You might already be familiar with blog archiving and collections of blogs that web archiving projects are putting together. There’s the collection of blogs from the Wellcome Library, for example, or from the British Library, or the Library of Congress BLawg Archive. The common and familiar scenario is that an organisation runs a web crawler such as HTTrack or Heritrix to capture copies of content – in this case, blogs – and provides subsequent access to the web site (blog) as an integral whole. This is perfectly acceptable if the requirement is that the site is presented as an integral whole. ArchivePress, on the other hand, is based upon the premise that organisations may not have this requirement and can have different reasons for wishing to capture copies of blog content, and different intentions for managing and using the content once they have it. For instance:
Scenario 1: A university institution has given its academics free reign to blog on whatever software platforms they choose. It later realises that this output is of academic and record-keeping value but that it has no record it and that any attempt to force staff to switch to an internally hosted service would probably be badly received. ArchivePress is installed and configured to collect copies of all blog posts from a list of pre-selected blogs; the contents are consolidated into a single database which can then be re-presented to the user via a single interface branded with the University logo.
Scenario 2: A local archiving institution wishes to collect blog content around a particular local theme (for example, about a local author or event) and aggregate the contents into a single and easily searchable resource for access via its website. It does not have the technical resources to manage a harvest-based web archiving approach, nor the finances to invest in a commercial web archiving service. ArchivePress can be implemented and managed with very little technical knowledge and enables the institution to collect copies of posts and comments from a pre-compiled list of blogs, store them in a easy-to-manage database, and re-present the contents as a single resource for users.
For these organisations, it is the raw and aggregated content that is of primary target, and not the complete website that is used to host each blog. Their core requirement is the consolidation of content from different origins into a single resource for re-use and re-purposing. ArchivePress enables them to focus on this content, along with the necessary metadata to identify each resource, and can meet their needs better than a ‘traditional’ harvesting approach.

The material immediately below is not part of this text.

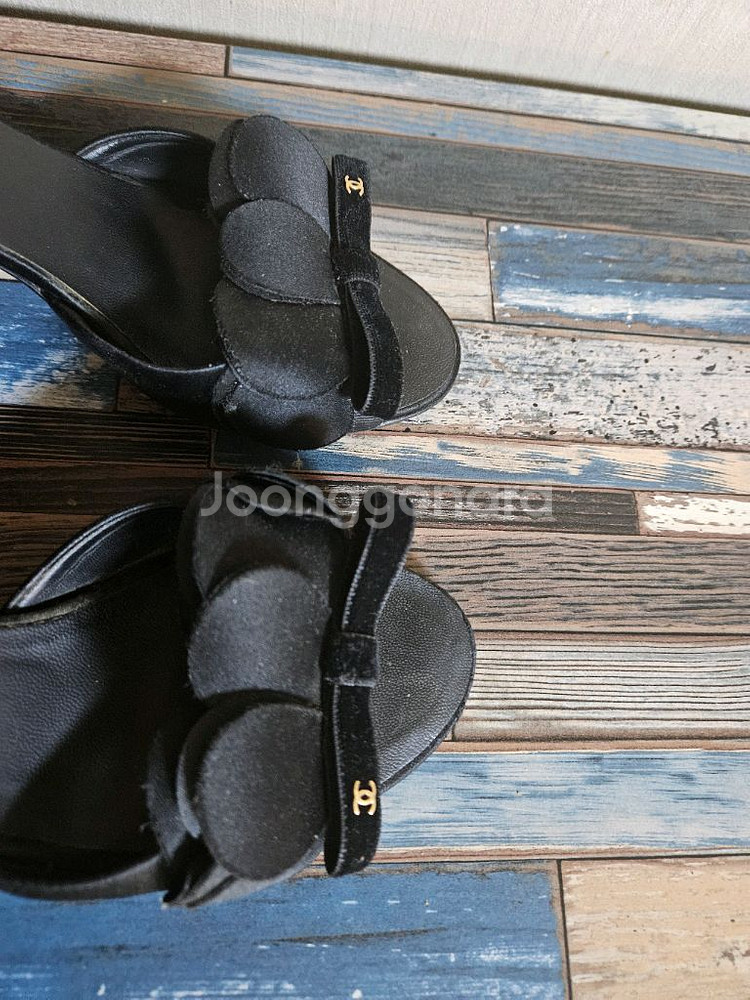 샤넬블랙플라워리본힐(벨벳느낌)--3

We appreciate that this is but the first step in preservation: the simple act of collecting the content into a database does not mean it has been preserved! But, we believe that the tools we will use and the infrastructure we will provide will be conducive to preservation. Just how we’ll do that will be covered in more detail in a subsequent post.
We also recognise that there are all sorts of legal issues that would need to be addressed before an institution should implement ArchivePress. Whilst we won’t be providing legal advice pe se, we will be exploring these during the course of the project. First however, we will be looking into the subject of user requirements in more detail. This is vital to ensure that we provide the functionality required by institutional and organisational users. More posts about this subject will appear as our work progresses.